Moving brings out all the emotions. For me, it’s not all stress, all the time. I’ve always brought a sense of melancholy as well, sorting old letters, books, photos, notes, objects long hidden in a box that never got unpacked from the last move.
I want it to be Vanpire Weekend’s “Cousins,” but of course it feels like (brilliant) Ethan Gruska’s remote-gas-station-lit “Teenage Drug.”
This is a useful, and I think harmless, if not even helpful, kind of nostalgia. Feeling the past while you actively head toward the future.
Looking away to the future isn’t always bad. If we were only ever concerned about the present, we’d never follow a dream of a possible future. Or better, an impossible one.
It’s a matter of balance. One viewpoint throughout your life isn’t enough for making art. It requires changing perspective, shifting ground, opening up to the unknown, the void of ideas.
Be present when it matters. But that can’t be all the time. I’d argue that the act of creating is a prime example of losing oneself and the present. We can’t Be Here Now when we’re deep in the moment of making. It’s only when we look as far as we can that it all falls into place, comes together, melts, thaws, and resolves to a dew.

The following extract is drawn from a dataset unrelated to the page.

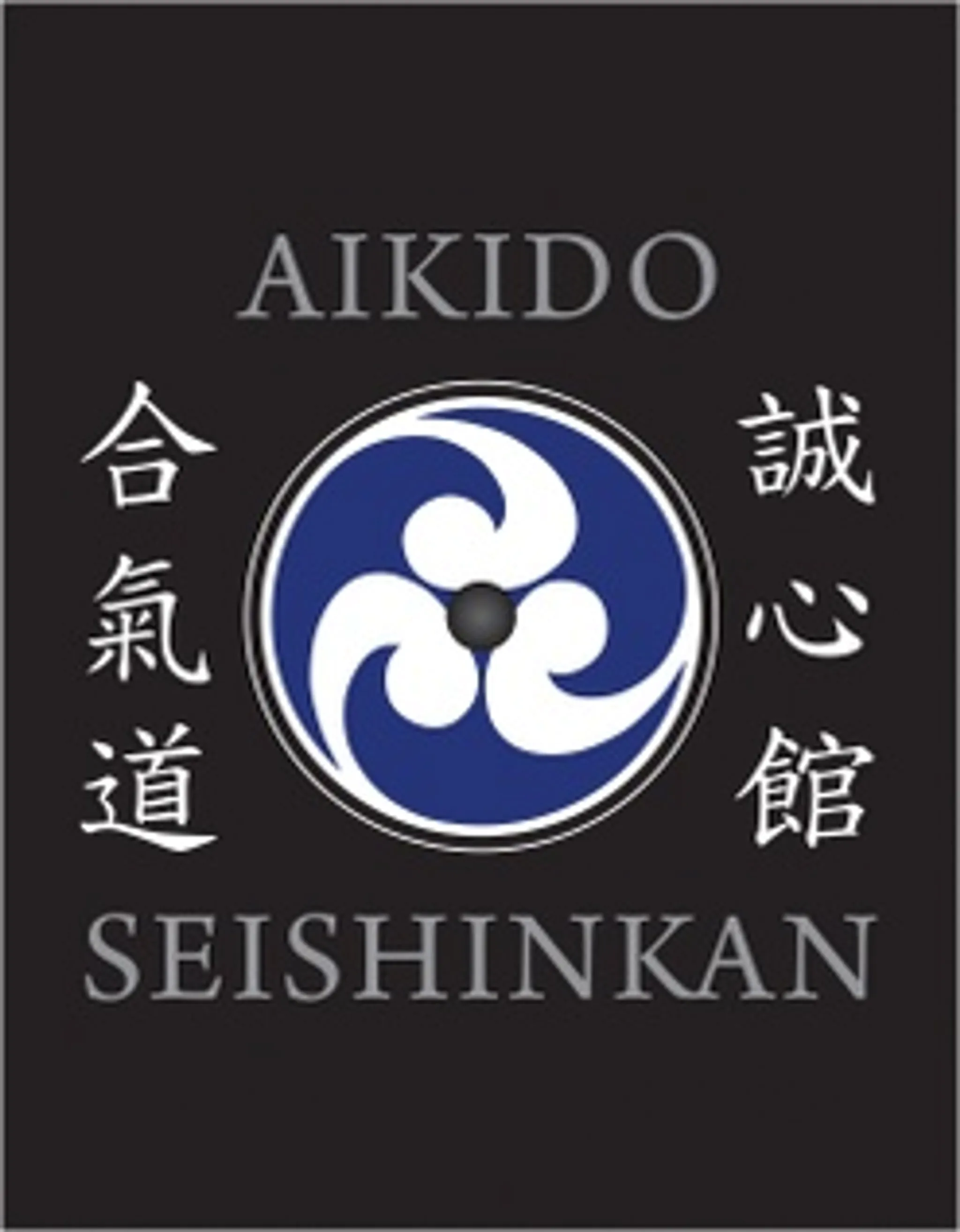 Aikido Seishinkan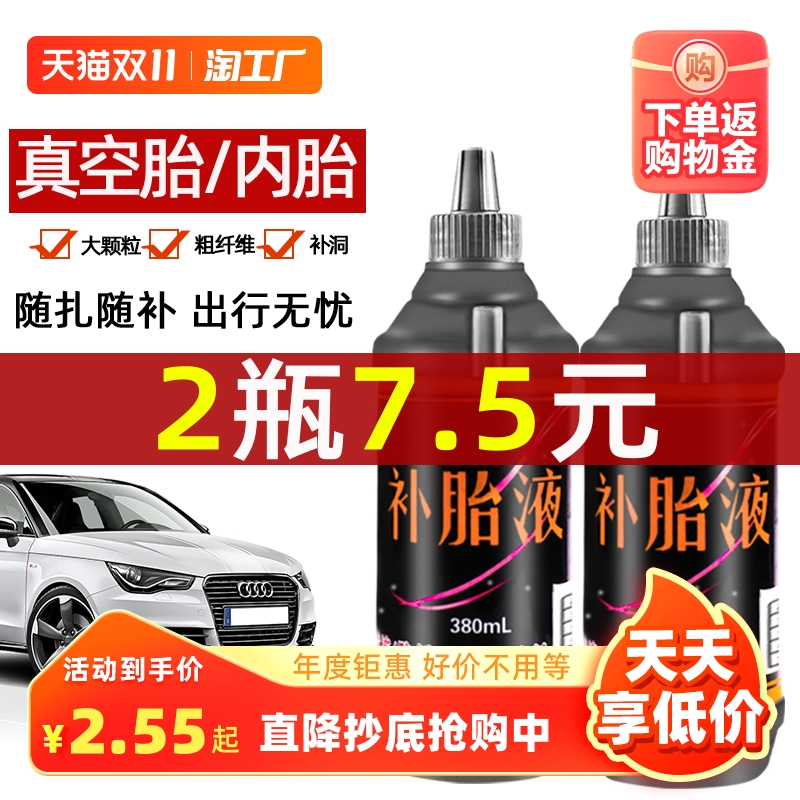 轮胎自补液电瓶电动车摩托车自行车真空胎专用修补胶水自动补胎液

If your day job is wearing thin, I have a couple of quick tips to get beyond your day-to-day irritation that have helped me.
Tired dinosaur hits from the 80s on the store soundtrack get new life when you sing along without any contractions or slang substitutes, as if you were a trained opera singer with no knowledge of pop or swing. Ex: “What does love, what does love have to with it?” or “If there is something weird / In your neighborhood / Who are you going to call?” I admit I find this hilarious.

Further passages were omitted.